## Data provided
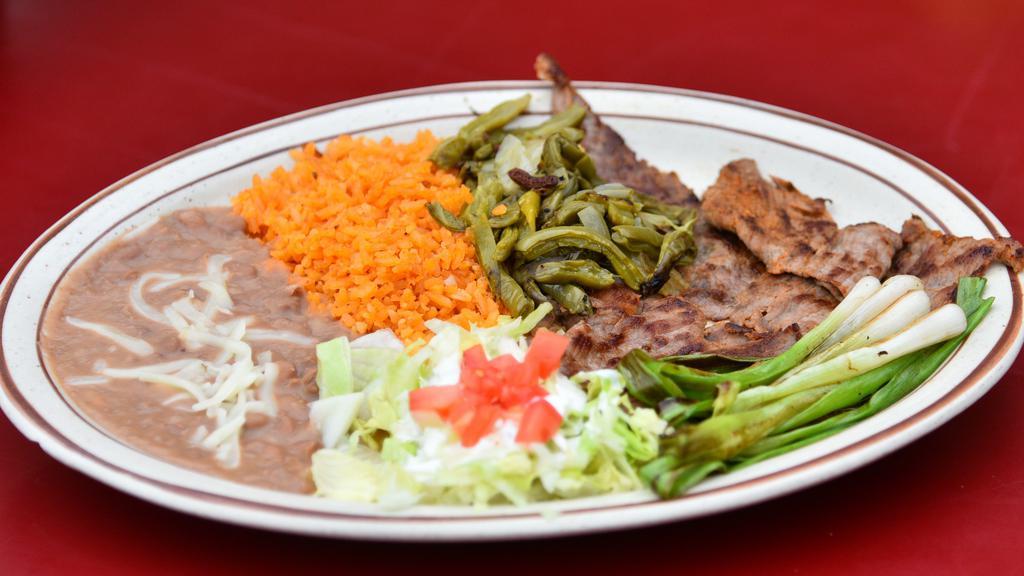 Bistec Asado (Grilled Steak) · Thinly sliced pieces of steak, seasoned and grilled. Topped with grilled green onions and pieces of grilled cactus. Comes with rice & beans topped with cheese.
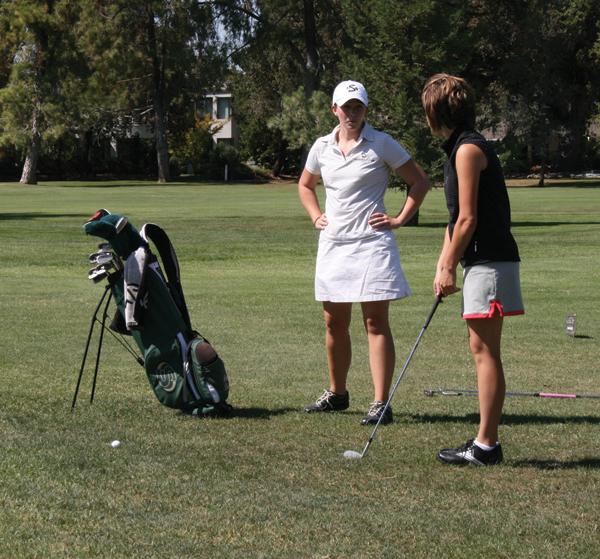 Media Credit: Jennifer Lemos - Assistance coach Kim Coppin helps Annie Becker with her swing from the rough to the green at the Valley Hi Country Club.:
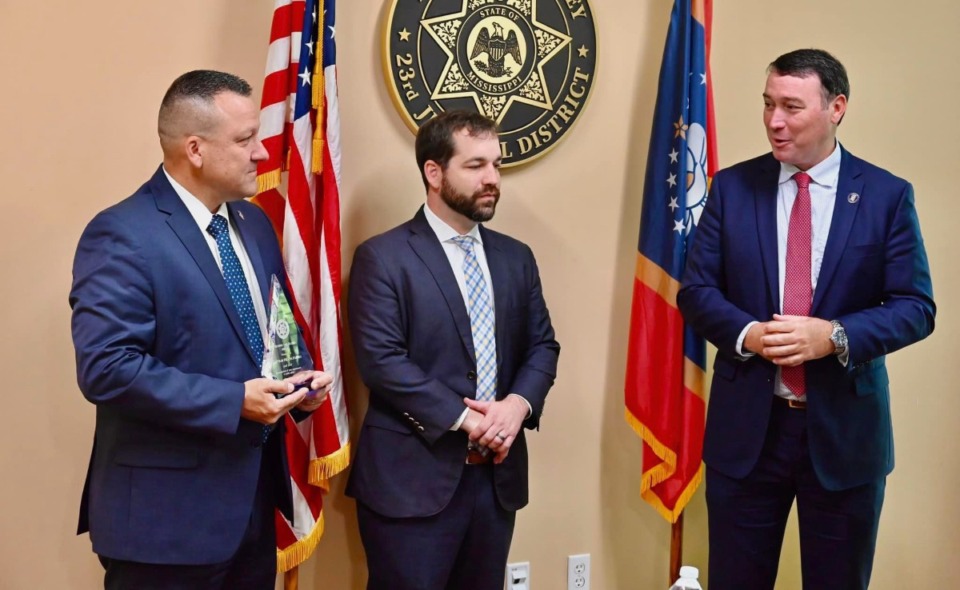 <strong>Mississippi Bureau of Investigation&rsquo;s Special Agent Heath Farish, left, holds an award from DeSoto County District Attorney Matthew Barton, center, with Mississippi Public Safety Commissioner Sean Tindell, right.</strong> (Courtesy Mississippi Department of Public Safety)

## Exercise aim
Reproduce exactly the lines above from the one with "Media Credit: Jennifer" through the last line of the data, keeping both ends and dropping the pictures.

## Task answer
 Media Credit: Jennifer Lemos - Assistance coach Kim Coppin helps Annie Becker with her swing from the rough to the green at the Valley Hi Country Club.:
 <strong>Mississippi Bureau of Investigation&rsquo;s Special Agent Heath Farish, left, holds an award from DeSoto County District Attorney Matthew Barton, center, with Mississippi Public Safety Commissioner Sean Tindell, right.</strong> (Courtesy Mississippi Department of Public Safety)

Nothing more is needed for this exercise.